News (Media Awareness Project) - UK: From The Beatles To Brixton, What A Long, Strange Trip |
Title: | UK: From The Beatles To Brixton, What A Long, Strange Trip |
Published On: | 2002-03-10 |
Source: | Independent on Sunday (UK) |
Fetched On: | 2008-01-24 18:14:41 |
FROM THE BEATLES TO BRIXTON, WHAT A LONG, STRANGE TRIP IT'S BEEN
It seemed so daring when 'The Independent on Sunday' began its campaign to
decriminalise cannabis. Simon O'Hagan reflects on how public and political
opposition went up in smoke
We have come a long way since police raided Ringo Starr's London flat in
the late 1960s and emerged triumphant with one and a half ounces of
cannabis. As the Beatles generation has grown up to be the leaders of
today, the use of cannabis has become so normalised, its effects long now
revealed to be so much less damaging than the establishment's scaremongers
would have had us believe, that decriminalisation has become almost inevitable.

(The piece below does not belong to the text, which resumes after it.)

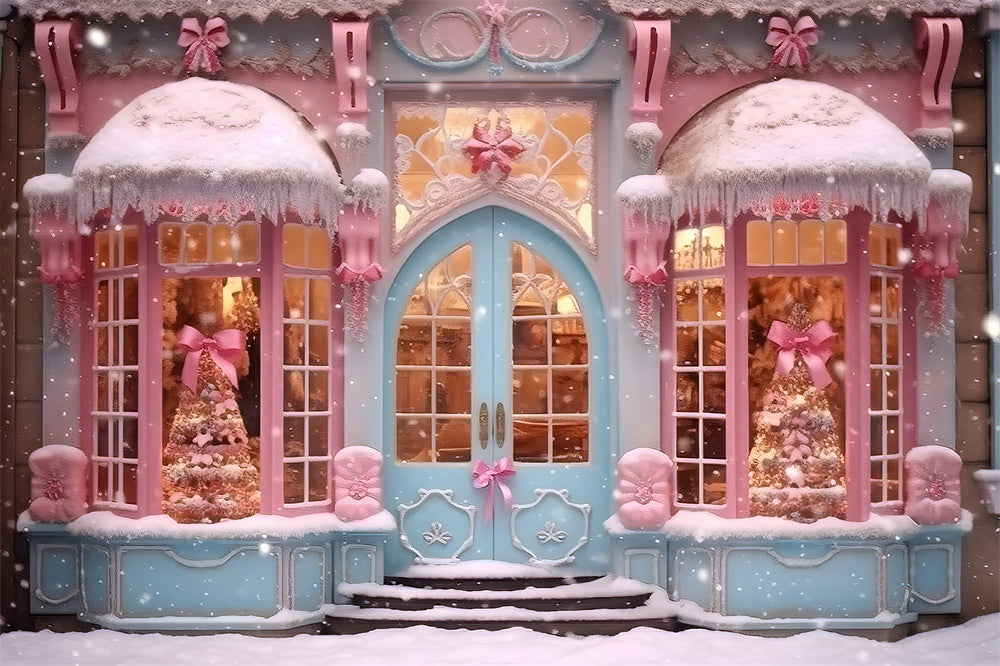 Christmas Pink Candy Shop Snow Backdrop UK RR7-790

That, however, is not to down-play the efforts of campaigners over many
years to force recalcitrant governments and police chiefs to look at the
issue dispassionately. As recently as 1997, when this newspaper took what
was then considered the daring step of calling for the decriminalisation of
the drug, the new Labour government refused even to countenance the idea.
Now we have a Home Secretary - David Blunkett - who has declared that
cannabis should lose its Class B status, which was all but an admission
that no casual user of the drug need fear prosecution. And with the news
that a committee advising Mr Blunkett has said that an experiment in
leniency in Brixton, south London, should be extended nationwide, the
argument is virtually over. To all intents and purposes, use of cannabis
today is no more a matter for police concern than is the smoking of
ordinary tobacco.
It is an extraordinary capitulation - an acknowledgement that the fears
surrounding its use are largely unjustified and that, while tobacco and
alcohol remain dangerous and legal, it is a nonsense that cannabis remains
harmless and banned. More important, there is a widespread consensus that
the law as it stands is wholly counterproductive in allowing criminals to
feed off it. Above all, with an estimated one in 10 people using the drug -
twice the European average - Britain's changing social mores demand a new
approach.
"Speaking as someone who takes his main pleasure from alcohol and
cigarettes, it seems to me entirely logical that all drugs should be
decriminalised," the playwright Alan Bleasdale, a supporter of the original
Independent on Sunday campaign, said yesterday. "If they legalised it
they'd remove crime from the streets and take the money from the bank
accounts of the bastards who sell drugs."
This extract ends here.